Saxofonist Nathan Daems gaf onlangs in een interview toe dat hij weinig affectie voelt voor abstracte, hedendaagse vormen van jazz. De muzikale interesses van deze jonge dertiger neigen voor een groot stuk naar niet-westerse genres, wat al tot uiting kwam in het Indisch getinte Ragini Trio, Bazaar d'Orient en nu ook in Black Flower. Binnen dit kwintet worden uiteenlopende invloeden omgesmeed tot sfeervolle en groovende tunes, wat van ‘Abyssinia Afterlife’ een van de meest frisse Belgische releases van het afgelopen muziekjaar maakt.
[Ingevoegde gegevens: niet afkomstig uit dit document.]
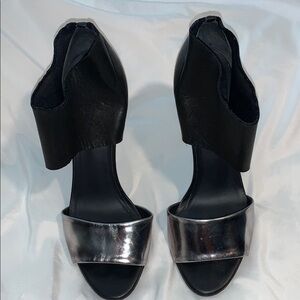 Vince Black and Silver Women's Shoes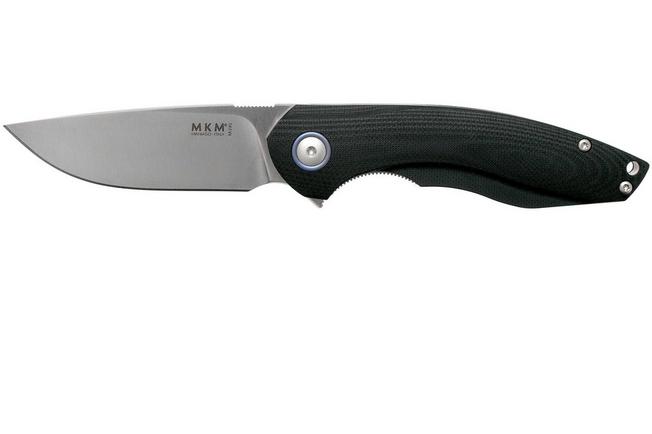 Image for MKM Timavo VP02-GBK Black G10 pocket knife, Voxnaes design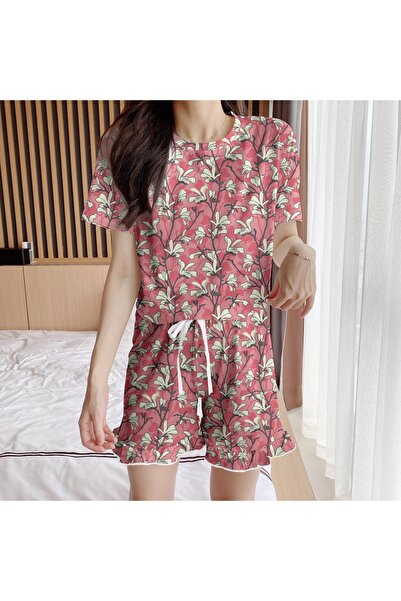 PEMBİŞ HOMEWEAR Σετ σορτς Aden Flower 28 Super Soft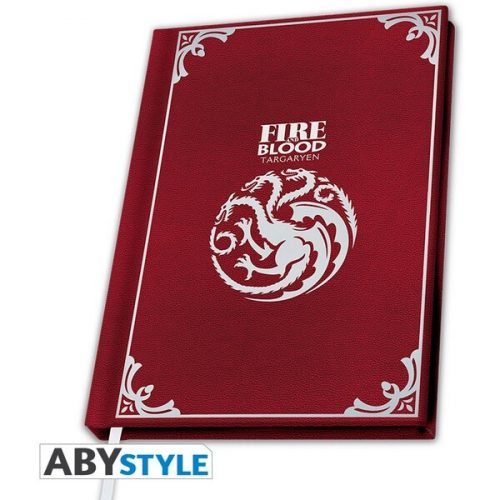 Zápisník A5 Game of Thrones - Targaryen Abysse Corp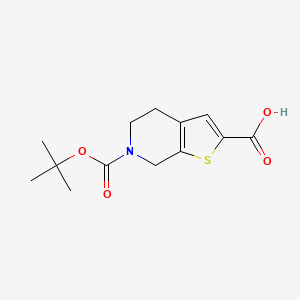 6-(tert-Butoxycarbonyl)-4,5,6,7-tetrahydrothieno[2,3-c]pyridine-2-carboxylic acid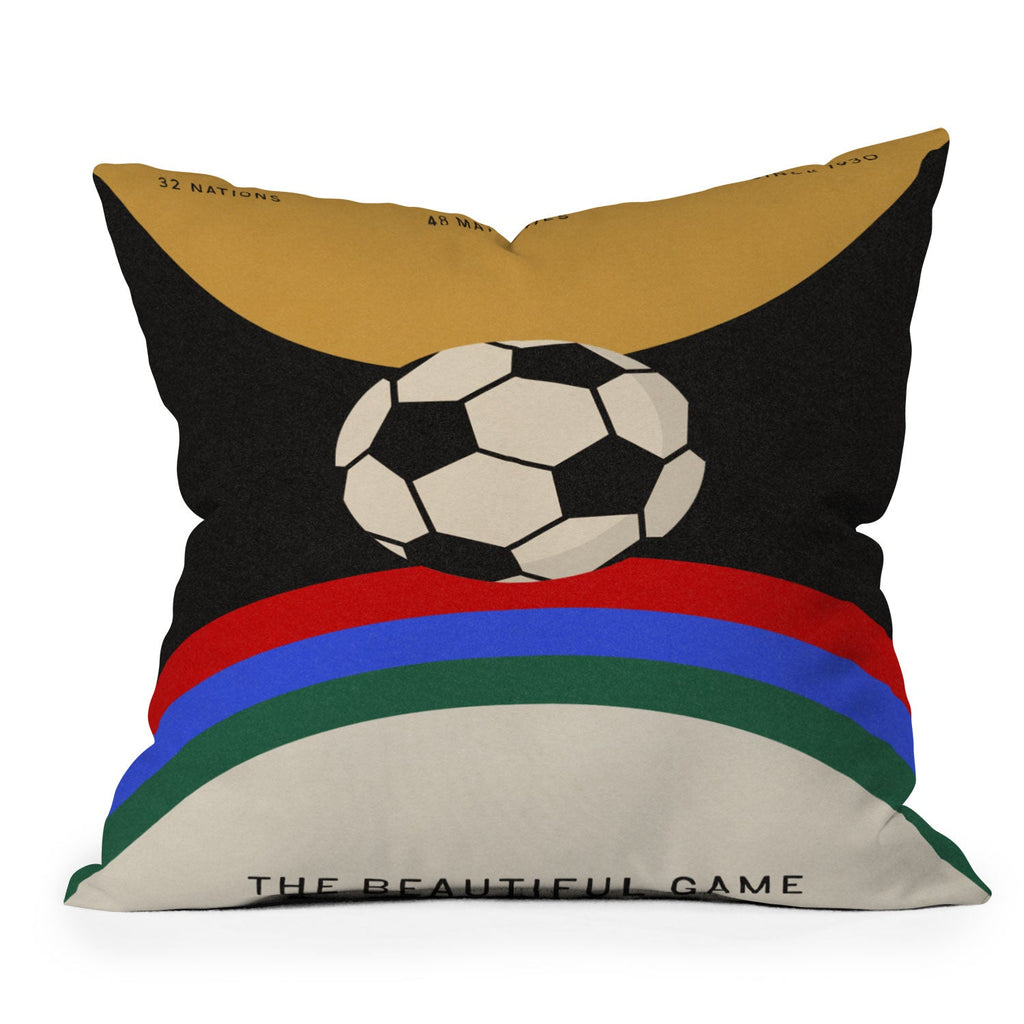 Society6 Design Studio The Beautiful Game Outdoor Throw Pillow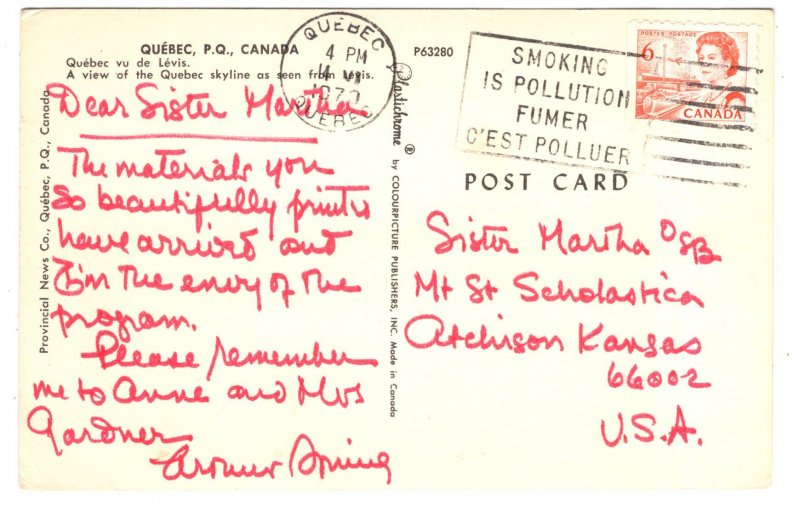 Quebec City, Quebec, Used 1970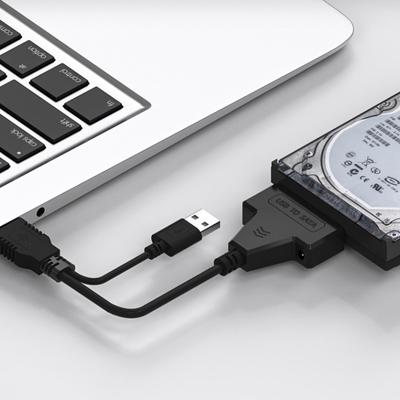 SATA-zu-USB2.0-Kabeladapter für externe 2,5-Zoll-SATA-SSD-Laufwerke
Op de jongste editie van Gent Jazz mocht Black Flower een week lang als afsluiter fungeren op de Garden Stage, het zijpodium van het bekende zomerfestival. Na de eerste avond al werd de organisatie verzocht om de stoeltjes op de eerste rijen weg te nemen, want geconfronteerd met de muziek van dit overwegend Gentse gezelschap voelde het publiek de behoefte om te bewegen. De elementen uit onder meer dub en afrobeat, geïntegreerd binnen een heel melodieuze context (waarin Ethiopische muziek een duidelijke stempel drukt), werken dan ook serieus op de benen. Probeer maar eens stil te staan op de opzwepende tonen van 'I Threw A Lemon At That Girl' en het vederlicht huppelende 'Star Fishing', een exotisch wiegelied dat brandstof krijgt via een mantra-achtig basloopje.
Voor deze band koos Daems voor medestanders met een zekere staat van dienst. De veelzijdige kornettist Jon Birdsong vormt samen met hem de frontlinie, wat in de meeste tracks voor een plezante en kleurrijke wisselwerking zorgt. Filip Vandebril neemt de baspartijen voor zijn rekening, terwijl Wouter Haest (lange tijd toetsenist van Los Callejeros) en drummer Simon Segers (De Beren Gieren, Stadt) de ritmesectie vervolledigen. Bovenal is Black Flower echter een band en niet zozeer een samenkomen van goeie muzikanten. Virtuositeit is hier helemaal geen issue en de soloruimtes zijn bijgevolg eerder beperkt - het zijn vooral Daems en Birdsong die hierin het voortouw nemen - maar het ensemblewerk, veelal verpakt in onweerstaanbare grooves, maakt dit ruimschoots goed.
Op sommige momenten produceert Black Flower bijna pure dansmuziek. Met 'The Legacy Of Prester John' en 'Again I Lost It' zouden dj's van het betere dansfeest het vuur aan de lont kunnen steken. En wat dan te denken van 'I Threw A Lemon At That Girl'? Een simpel baslijntje, een motiefje van de twee blazers en wat vettige keys erover gegoten zorgen voor een broeierige cocktail waar het gezin Kuti de hoed voor zou afnemen. De Ethiopiërs komen dan weer bovendrijven in het door percussie gedragen 'Winter', waar Daems indruk maakt op fluit en niet zelden de sfeer oproept van het contemplatieve werk van Mulatu Astatke.
En zo gaat het eigenlijk negen tracks lang door, zonder dat er ergens een teken van zwakte wordt getoond. 'Abyssinia Afterlife' is een schot in de roos en daarmee het derde of vierde succesvolle project van Daems op rij. Het volgende staat overigens al in de steigers (Karsilama Quintet) en zal draaien rond Turkse zigeunermuziek, maar ondertussen is het aan organisatoren uit Vlaanderen en omstreken om met Black Flower een zaakje te doen. Zolang ze de stoeltjes wegnemen, uiteraard.